> [TASK STATEMENT]
Search the records below for the word "Manual" and show every line where it occurs.

> [EXCERPTED DATA]
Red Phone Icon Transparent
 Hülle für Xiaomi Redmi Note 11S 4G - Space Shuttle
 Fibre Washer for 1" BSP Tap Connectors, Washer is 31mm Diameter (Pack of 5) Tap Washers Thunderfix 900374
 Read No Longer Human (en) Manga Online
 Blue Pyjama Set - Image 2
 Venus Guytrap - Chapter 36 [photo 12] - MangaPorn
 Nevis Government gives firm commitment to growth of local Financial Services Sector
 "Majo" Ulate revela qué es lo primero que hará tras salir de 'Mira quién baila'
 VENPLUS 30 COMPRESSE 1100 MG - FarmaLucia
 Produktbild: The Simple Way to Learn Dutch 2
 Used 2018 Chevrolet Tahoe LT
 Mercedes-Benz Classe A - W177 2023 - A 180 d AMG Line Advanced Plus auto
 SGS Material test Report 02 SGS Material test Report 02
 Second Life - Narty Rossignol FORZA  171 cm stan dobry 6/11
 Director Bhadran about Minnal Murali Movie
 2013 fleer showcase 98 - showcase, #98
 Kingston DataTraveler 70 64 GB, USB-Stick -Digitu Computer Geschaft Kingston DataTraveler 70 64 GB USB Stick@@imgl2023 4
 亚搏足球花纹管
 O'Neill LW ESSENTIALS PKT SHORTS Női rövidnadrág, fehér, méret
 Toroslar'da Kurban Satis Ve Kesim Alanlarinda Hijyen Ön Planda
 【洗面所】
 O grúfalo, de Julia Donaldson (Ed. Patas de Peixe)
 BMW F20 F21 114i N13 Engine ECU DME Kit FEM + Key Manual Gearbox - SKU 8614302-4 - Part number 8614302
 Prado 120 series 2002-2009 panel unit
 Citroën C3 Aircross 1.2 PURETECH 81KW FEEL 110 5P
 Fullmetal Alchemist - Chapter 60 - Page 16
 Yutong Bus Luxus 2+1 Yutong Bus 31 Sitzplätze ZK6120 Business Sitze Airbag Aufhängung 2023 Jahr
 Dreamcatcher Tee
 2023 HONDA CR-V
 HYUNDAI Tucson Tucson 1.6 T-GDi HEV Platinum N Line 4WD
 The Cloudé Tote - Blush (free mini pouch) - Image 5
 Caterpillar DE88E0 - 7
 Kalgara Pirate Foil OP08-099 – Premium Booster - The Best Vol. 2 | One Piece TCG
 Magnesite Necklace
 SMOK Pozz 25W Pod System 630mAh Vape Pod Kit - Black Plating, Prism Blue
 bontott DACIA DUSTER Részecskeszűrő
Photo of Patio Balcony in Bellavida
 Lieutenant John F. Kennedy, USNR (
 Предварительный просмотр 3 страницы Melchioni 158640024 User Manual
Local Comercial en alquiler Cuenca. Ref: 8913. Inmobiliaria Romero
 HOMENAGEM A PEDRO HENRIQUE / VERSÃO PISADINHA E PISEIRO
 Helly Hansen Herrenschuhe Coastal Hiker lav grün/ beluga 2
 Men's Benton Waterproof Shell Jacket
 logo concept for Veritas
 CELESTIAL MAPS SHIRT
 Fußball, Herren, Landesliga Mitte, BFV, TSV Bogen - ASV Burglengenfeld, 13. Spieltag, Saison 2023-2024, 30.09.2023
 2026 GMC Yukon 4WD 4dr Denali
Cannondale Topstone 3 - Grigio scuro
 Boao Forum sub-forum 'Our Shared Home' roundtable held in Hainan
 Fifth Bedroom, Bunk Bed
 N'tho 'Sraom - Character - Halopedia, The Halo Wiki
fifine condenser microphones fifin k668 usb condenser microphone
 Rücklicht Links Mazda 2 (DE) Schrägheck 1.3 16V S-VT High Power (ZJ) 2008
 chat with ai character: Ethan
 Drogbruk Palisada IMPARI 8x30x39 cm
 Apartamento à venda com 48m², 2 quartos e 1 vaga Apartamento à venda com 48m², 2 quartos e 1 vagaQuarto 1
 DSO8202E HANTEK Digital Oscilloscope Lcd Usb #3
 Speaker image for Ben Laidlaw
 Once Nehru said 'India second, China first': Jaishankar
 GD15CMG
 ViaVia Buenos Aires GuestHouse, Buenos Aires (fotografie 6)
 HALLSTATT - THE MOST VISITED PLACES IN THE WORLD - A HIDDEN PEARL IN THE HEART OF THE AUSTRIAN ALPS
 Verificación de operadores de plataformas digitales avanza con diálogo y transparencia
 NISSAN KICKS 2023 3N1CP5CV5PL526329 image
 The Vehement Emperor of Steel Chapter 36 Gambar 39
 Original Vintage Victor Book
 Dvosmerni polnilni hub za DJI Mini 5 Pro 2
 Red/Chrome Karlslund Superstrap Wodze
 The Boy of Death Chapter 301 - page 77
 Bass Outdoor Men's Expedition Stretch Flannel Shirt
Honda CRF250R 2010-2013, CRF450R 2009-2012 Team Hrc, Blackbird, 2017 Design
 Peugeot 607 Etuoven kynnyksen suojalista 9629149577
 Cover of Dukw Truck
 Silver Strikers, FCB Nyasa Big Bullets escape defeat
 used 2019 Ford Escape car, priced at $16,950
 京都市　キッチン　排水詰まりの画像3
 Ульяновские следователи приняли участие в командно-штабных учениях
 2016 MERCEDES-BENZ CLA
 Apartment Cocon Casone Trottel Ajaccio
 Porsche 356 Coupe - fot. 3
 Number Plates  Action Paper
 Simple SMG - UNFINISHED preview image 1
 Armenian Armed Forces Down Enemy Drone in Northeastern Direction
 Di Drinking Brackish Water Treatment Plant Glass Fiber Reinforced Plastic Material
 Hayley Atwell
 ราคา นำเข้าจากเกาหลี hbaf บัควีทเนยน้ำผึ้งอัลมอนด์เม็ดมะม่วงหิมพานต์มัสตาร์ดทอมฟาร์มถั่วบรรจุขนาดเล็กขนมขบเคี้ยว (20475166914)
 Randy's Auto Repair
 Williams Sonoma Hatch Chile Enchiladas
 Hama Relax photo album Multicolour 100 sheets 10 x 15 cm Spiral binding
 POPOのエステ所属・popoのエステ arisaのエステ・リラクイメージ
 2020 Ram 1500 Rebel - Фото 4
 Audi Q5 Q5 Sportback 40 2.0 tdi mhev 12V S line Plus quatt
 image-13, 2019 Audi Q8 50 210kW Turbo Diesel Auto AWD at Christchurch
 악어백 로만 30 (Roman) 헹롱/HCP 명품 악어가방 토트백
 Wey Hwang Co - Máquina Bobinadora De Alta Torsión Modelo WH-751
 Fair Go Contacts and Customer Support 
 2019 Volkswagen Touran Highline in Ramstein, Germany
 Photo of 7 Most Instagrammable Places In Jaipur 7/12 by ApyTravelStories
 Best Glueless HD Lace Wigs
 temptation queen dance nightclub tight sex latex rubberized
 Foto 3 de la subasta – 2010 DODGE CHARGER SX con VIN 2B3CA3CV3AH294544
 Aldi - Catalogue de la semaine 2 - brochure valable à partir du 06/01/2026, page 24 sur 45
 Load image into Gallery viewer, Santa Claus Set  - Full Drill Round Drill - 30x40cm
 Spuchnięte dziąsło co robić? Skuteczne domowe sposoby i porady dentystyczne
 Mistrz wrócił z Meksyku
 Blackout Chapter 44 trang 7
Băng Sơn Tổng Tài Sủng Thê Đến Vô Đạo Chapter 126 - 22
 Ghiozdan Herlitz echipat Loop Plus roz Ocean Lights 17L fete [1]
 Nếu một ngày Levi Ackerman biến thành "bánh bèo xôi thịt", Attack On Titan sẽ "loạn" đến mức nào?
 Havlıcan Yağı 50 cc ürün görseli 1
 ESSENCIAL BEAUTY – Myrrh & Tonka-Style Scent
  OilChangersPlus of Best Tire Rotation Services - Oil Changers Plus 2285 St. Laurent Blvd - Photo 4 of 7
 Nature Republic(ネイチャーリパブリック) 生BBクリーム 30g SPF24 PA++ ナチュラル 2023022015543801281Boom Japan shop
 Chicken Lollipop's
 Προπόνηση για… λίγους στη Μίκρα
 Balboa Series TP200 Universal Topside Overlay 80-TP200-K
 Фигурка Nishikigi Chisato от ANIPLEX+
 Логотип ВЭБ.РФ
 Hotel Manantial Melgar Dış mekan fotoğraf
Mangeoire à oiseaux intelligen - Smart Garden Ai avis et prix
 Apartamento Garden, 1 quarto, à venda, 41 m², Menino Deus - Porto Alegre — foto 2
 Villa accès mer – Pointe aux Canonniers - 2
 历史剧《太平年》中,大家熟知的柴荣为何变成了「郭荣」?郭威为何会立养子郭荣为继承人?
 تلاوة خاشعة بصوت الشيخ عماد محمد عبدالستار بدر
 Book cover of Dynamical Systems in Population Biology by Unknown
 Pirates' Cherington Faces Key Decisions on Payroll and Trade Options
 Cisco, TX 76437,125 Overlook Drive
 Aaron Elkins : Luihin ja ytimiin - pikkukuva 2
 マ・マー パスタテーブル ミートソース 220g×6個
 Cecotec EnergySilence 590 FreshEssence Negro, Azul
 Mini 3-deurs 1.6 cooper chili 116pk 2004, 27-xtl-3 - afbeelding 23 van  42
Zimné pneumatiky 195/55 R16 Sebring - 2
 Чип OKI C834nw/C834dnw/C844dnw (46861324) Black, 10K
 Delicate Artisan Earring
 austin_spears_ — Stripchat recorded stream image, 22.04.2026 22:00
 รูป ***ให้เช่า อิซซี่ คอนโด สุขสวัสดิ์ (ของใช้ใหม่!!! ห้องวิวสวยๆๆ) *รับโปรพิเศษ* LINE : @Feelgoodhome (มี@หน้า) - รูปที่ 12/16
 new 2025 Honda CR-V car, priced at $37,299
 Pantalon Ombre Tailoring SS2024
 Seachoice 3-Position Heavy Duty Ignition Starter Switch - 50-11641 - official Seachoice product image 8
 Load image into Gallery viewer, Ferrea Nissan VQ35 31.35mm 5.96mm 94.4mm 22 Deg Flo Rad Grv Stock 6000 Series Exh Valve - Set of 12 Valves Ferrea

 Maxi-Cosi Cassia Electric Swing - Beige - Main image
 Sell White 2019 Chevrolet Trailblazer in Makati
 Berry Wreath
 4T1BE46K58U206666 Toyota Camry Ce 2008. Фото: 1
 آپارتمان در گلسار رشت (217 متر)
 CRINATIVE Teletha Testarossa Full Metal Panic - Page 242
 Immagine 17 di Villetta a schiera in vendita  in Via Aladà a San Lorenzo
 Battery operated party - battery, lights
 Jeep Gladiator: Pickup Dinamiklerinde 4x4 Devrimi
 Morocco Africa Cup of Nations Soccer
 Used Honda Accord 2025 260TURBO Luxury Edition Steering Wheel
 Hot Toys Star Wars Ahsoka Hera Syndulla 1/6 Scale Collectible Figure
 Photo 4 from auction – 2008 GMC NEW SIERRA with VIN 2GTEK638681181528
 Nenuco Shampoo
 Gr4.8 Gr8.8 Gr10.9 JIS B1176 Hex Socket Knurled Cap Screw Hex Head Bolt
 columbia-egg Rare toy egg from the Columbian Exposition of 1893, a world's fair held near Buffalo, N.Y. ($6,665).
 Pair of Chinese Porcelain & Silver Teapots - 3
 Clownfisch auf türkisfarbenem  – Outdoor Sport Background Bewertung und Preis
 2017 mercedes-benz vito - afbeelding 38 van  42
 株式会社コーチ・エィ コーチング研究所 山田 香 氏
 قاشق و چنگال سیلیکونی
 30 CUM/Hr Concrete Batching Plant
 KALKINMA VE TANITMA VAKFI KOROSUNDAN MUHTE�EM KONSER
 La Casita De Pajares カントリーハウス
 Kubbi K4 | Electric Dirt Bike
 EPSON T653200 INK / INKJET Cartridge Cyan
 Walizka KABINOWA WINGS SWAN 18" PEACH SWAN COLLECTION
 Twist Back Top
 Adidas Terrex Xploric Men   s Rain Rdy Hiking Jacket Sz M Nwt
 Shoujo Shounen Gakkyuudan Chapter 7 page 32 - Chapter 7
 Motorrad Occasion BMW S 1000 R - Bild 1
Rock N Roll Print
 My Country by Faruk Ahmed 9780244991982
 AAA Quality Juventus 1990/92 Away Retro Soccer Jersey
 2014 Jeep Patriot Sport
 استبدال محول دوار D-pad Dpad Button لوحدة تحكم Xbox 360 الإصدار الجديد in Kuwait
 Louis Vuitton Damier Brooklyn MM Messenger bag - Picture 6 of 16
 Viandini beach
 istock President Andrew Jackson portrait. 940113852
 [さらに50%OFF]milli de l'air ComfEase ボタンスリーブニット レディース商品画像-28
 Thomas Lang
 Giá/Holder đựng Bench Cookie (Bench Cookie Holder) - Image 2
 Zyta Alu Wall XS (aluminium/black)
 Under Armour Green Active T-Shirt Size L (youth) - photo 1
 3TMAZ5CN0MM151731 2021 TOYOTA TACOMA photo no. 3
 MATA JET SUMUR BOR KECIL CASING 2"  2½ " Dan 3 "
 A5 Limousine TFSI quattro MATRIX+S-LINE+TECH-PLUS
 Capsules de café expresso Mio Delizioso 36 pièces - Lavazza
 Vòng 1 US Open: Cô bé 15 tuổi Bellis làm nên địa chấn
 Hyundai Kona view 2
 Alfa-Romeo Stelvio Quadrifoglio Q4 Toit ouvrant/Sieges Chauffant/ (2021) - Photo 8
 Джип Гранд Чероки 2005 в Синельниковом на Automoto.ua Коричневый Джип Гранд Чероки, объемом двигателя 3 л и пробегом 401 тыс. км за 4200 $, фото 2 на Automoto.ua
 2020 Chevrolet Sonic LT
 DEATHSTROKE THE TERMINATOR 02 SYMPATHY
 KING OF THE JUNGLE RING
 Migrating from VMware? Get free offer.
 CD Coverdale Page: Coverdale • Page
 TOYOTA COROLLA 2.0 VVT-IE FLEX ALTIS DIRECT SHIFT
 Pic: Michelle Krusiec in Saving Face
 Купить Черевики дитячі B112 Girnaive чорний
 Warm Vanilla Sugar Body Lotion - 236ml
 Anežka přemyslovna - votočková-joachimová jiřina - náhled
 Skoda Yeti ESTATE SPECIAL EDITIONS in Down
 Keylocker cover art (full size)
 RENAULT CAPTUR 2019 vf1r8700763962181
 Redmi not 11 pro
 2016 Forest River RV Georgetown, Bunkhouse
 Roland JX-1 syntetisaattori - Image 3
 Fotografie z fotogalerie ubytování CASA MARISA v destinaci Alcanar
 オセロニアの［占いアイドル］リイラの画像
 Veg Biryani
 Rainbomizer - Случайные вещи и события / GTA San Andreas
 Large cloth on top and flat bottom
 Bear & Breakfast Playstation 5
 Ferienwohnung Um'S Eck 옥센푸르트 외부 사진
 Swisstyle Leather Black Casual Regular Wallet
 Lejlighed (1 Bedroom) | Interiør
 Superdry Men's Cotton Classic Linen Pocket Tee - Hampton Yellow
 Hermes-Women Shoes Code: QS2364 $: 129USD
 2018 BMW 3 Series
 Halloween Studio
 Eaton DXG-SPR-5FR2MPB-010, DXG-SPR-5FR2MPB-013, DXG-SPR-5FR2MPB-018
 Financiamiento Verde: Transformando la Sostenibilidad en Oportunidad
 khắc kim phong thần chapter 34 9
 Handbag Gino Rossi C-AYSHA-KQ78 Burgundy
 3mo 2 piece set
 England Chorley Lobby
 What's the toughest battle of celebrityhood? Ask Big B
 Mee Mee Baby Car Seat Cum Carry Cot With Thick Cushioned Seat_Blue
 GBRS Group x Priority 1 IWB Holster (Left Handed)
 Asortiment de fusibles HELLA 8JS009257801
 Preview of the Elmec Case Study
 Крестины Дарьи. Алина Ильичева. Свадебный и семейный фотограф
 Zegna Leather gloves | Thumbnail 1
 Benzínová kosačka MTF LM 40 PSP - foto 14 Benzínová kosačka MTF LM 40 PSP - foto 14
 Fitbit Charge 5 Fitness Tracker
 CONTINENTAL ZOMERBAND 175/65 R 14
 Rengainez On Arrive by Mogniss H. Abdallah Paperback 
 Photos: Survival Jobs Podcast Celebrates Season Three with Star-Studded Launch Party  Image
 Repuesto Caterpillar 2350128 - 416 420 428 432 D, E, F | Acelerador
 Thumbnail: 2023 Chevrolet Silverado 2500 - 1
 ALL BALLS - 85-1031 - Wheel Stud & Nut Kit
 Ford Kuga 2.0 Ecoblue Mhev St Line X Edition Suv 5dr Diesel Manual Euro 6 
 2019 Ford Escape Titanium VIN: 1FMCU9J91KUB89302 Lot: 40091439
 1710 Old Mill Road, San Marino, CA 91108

> [RESPONSE]
 BMW F20 F21 114i N13 Engine ECU DME Kit FEM + Key Manual Gearbox - SKU 8614302-4 - Part number 8614302
 Предварительный просмотр 3 страницы Melchioni 158640024 User Manual
 Ford Kuga 2.0 Ecoblue Mhev St Line X Edition Suv 5dr Diesel Manual Euro 6 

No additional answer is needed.